PUNCAK JAYA - Di balik sunyi pegunungan dan lembah hijau Puncak Jaya, sekelompok prajurit TNI dari Satgas Yonif 613/Raja Alam menulis kisah pengabdian yang tak biasa. Mereka bukan hanya penjaga perbatasan dan keamanan, tetapi juga penjaga masa depan menjadi guru bagi anak-anak di pedalaman yang haus akan ilmu pengetahuan. Selasa (4/11/2025).
Setiap pagi, suasana di Titik Kuat Distrik Dokome berubah menjadi riuh penuh semangat. Anak-anak berlari menyambut para prajurit berseragam loreng yang membawa buku, pensil, dan papan tulis sederhana. Di bawah langit Papua yang cerah, mereka belajar membaca, menulis, dan berhitung ditemani senyum dan kesabaran para prajurit yang kini menjelma menjadi “guru rakyat”.

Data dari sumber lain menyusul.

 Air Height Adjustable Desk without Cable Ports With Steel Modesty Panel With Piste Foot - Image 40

“Kami sangat bersyukur dengan kehadiran bapak-bapak TNI di kampung ini. Anak-anak jadi rajin belajar karena merasa diperhatikan. Mereka senang, dan kami pun bangga melihat semangat itu tumbuh lagi, ” ujar Pinanggen Enumbi, Kepala Kampung Distrik Dokome, dengan nada haru.

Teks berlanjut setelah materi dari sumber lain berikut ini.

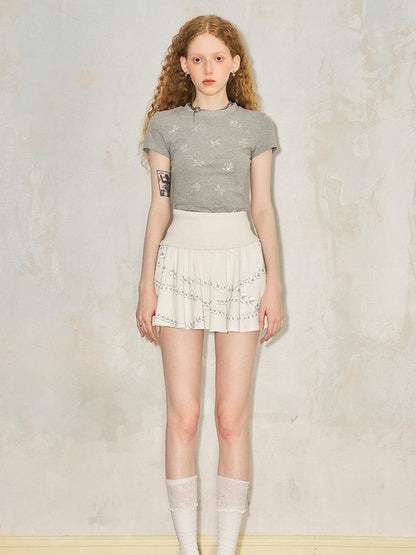 DIDDI MODA Pearl Necklace Print Knitted Pleated Skirt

Kegiatan belajar di Pos Satgas berlangsung sederhana, tanpa bangku sekolah atau papan tulis permanen. Namun semangat anak-anak tak pernah padam. Mata mereka berbinar setiap kali berhasil menulis nama sendiri atau membaca kalimat baru.
Bagi para prajurit, momen itu menjadi penghargaan tertinggi atas tugas pengabdian mereka.
“Melalui program TNI Mengajar, kami ingin menyiapkan generasi muda Papua yang cerdas, berkarakter, dan mencintai bangsanya. Mereka adalah Generasi Emas yang akan membawa kemajuan bagi Tanah Cenderawasih, ” tutur Kapten Inf Sudarno, Komandan Titik Kuat Dokome.
Program ini menjadi wujud nyata dari semangat “TNI Hadir dengan Hati”, sebuah gerakan yang mengedepankan nilai kemanusiaan, kebersamaan, dan kepedulian sosial di daerah-daerah terpencil.
Kegiatan “TNI Mengajar” bukan sekadar proses belajar-mengajar, melainkan jembatan kasih antara negara dan rakyatnya. Di tangan para prajurit Raja Alam, pendidikan menjadi cahaya yang menembus batas geografis dan keterisolasian.
Melalui kegiatan ini, TNI tak hanya menjaga keamanan wilayah, tetapi juga menjaga harapan bahwa setiap anak Papua berhak bermimpi besar dan menatap masa depan dengan keyakinan.
Dari ujung timur Indonesia, kisah ini menjadi pesan bagi seluruh negeri: bahwa pengabdian tidak selalu tentang senjata, tetapi juga tentang pena, buku, dan cinta untuk tanah air.